Summer Health Considerations for Pregnant Women
The weather is heating up, and pregnant women are among the people most likely to become overheated or experience complications from the heat, such as heat stroke, heat exhaustion, and dehydration. This can be a risk for you and your baby.
Here are some commonly asked questions and answers regarding pregnancy and hot weather so that you can enjoy your summer while staying safe and healthy.
I’m pregnant. Should I avoid going outdoors during hot weather?
It is true that pregnant women have a higher risk of becoming overheated and dehydrated, but that doesn't mean you have to avoid going outside altogether. What it does mean is you should prepare yourself and take appropriate precautions.
If you are going to be outside during hot weather, know your warning signs and listen to your body. Dehydration can cause an increase in Braxton Hicks contractions, or even dizzy spells and fainting. If you notice an increase in Braxton Hicks (a tightening in your belly), are sweating profusely, feeling faint or dizzy, or just feel uncomfortable, get out of the heat and cool yourself down.
Is it safe to exercise when it’s hot?
Exercising can be safe for pregnant women when precautions are taken. It’s extra important to stay well hydrated, wear loose-fitting clothing, and avoid high heat and humidity. Keep an eye on those heat indexes–if the heat index is 90 or above, you’re probably going to feel miserable trying to exercise in it.
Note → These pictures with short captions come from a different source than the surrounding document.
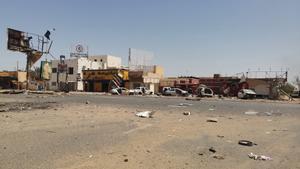 Archivo - Mercado bombardeado en Omdurmán
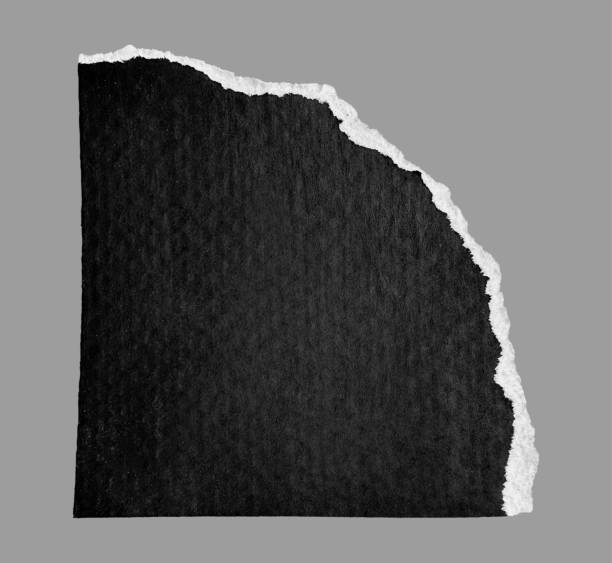 istock Black and White Ripped Paper Piece 2180949126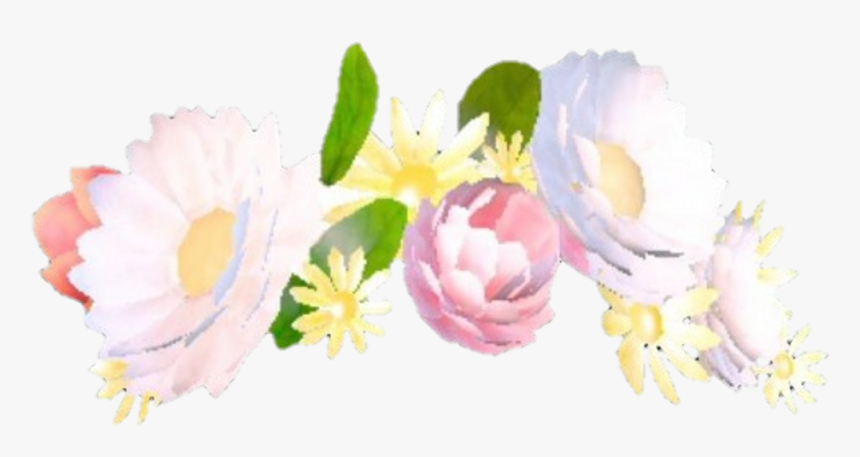 Flowers Snapchat Overlay Tumblr Corona Crown Pink Rosa - Snapchat Flower Crown Png, Transparent Png
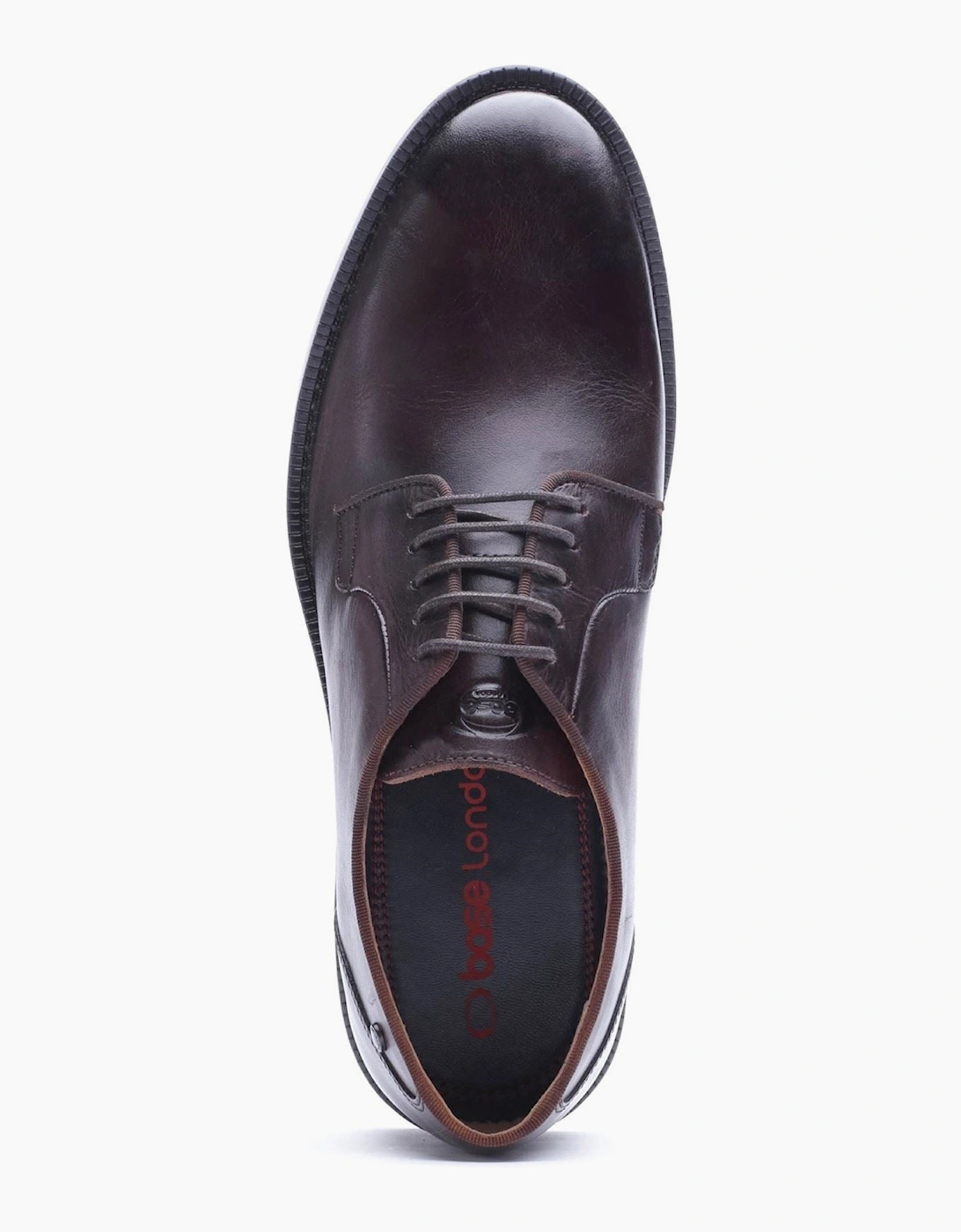 Base London Luca Leather Men's Washed Brown Derby Shoes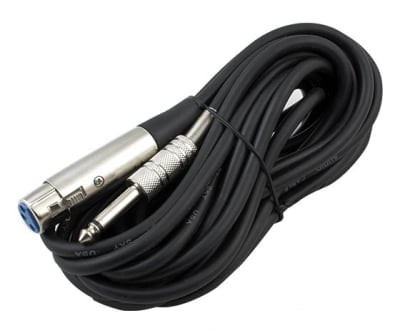 Кабел CABLE CANON Female Socket to 6.3 mm Mono Jack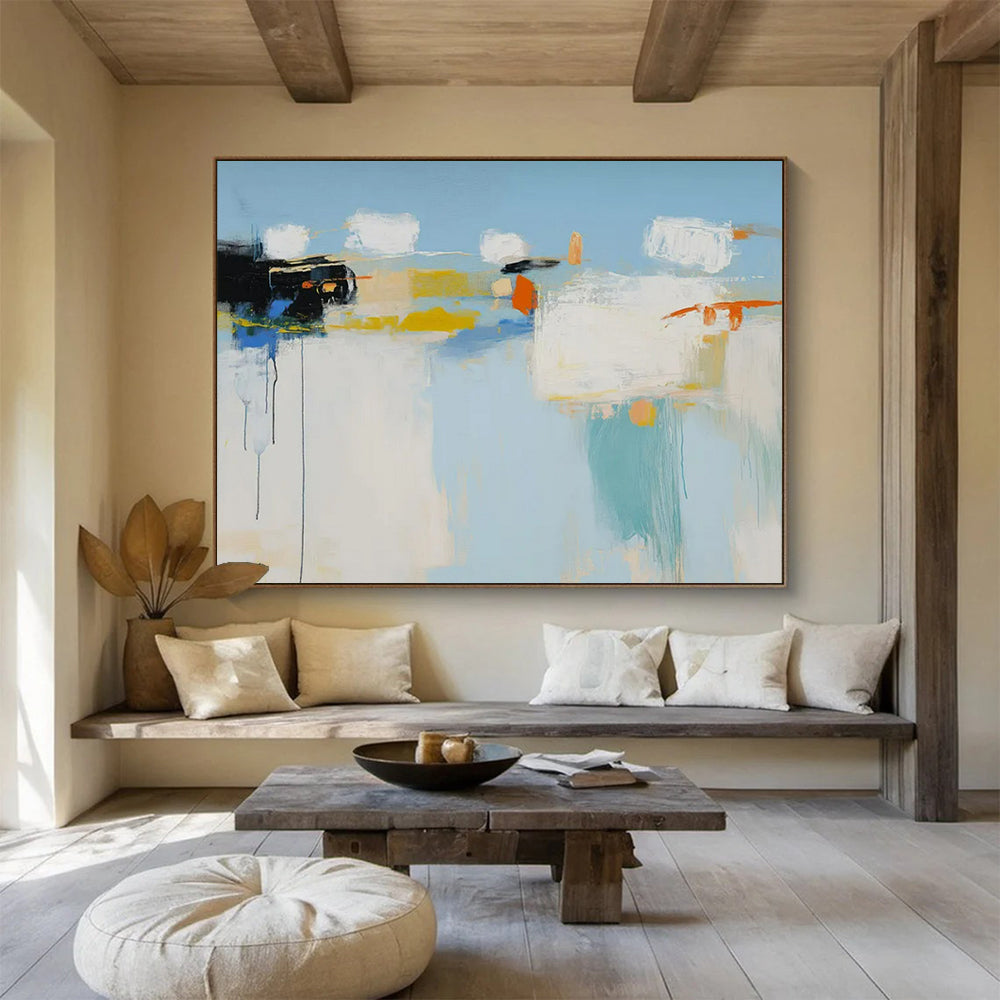 Hushed Large - Format Abstract Painting for Entryway & Bedroom LargeART1757
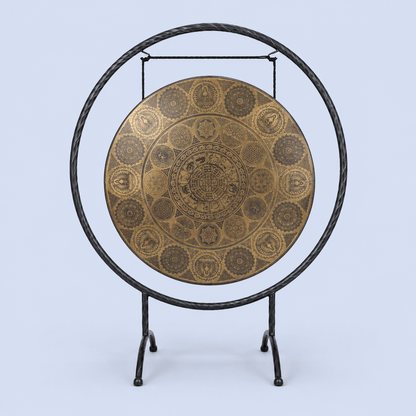 Handcrafted Tibetan Bronze Gong – Authentic Nepalese Sound Healing Gong
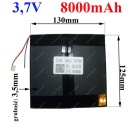 Аккумулятор для планшета 8–10 дюймов, 8000 мАч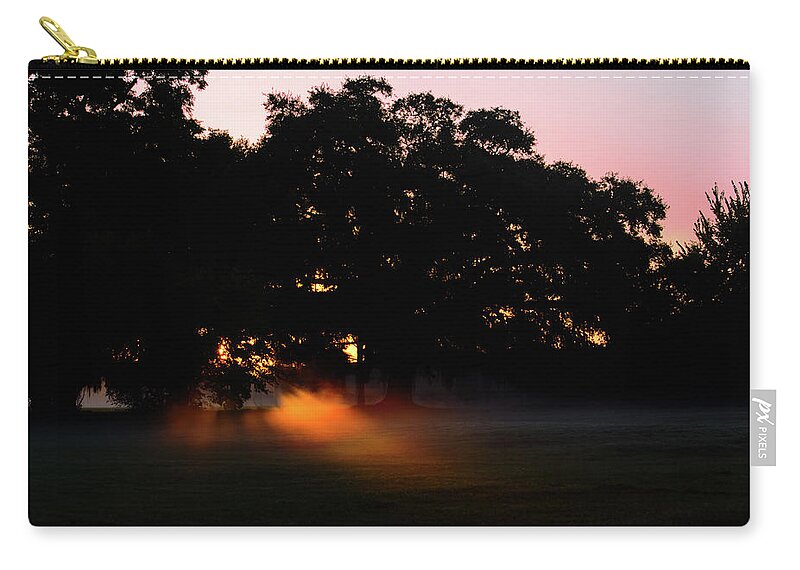 Sunrise Zip Pouch featuring the photograph Texas Summer Sunrise by Tikvah's Hope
Choose cooler times of the day to be outside, and take it easy so you don’t overheat.
How can I stay cool and take appropriate precautions when I have to be out in the heat?
- Go for a swim! Not only does swimming cool you off, it also helps to take some of the weight and pressure off your back, joints, and sciatic nerve.
- Try to stay out of the direct sun. Stay in the shade, and don’t forget to wear sunscreen on all exposed skin.
- Wear light, breathable fabrics to keep you cooler and increase airflow around your body.
- Carry a water bottle to keep yourself hydrated.
- Exercise during cooler times of day (early morning or after the sun goes down) and avoid exercising to the point of overheating.
What should I do if I feel like I’m getting too hot?
If you feel like you’re overheating, you should take the same steps as nonpregnant people:
- move to a cooler place
- drink water slowly
- loosen your clothing and remove layers if possible
- sit in a bathtub of cool or lukewarm water
- Apply a cool, damp washcloth to the back of your neck or your forehead
If you experience vomiting, worsening symptoms, or symptoms that last longer than one hour, seek medical treatment immediately.
Your body temperature runs a bit higher than normal during pregnancy already, so the added heat from the summer weather can really make you feel uncomfortable. Be smart, take precautions, and listen to your body so you can enjoy your summer pregnancy.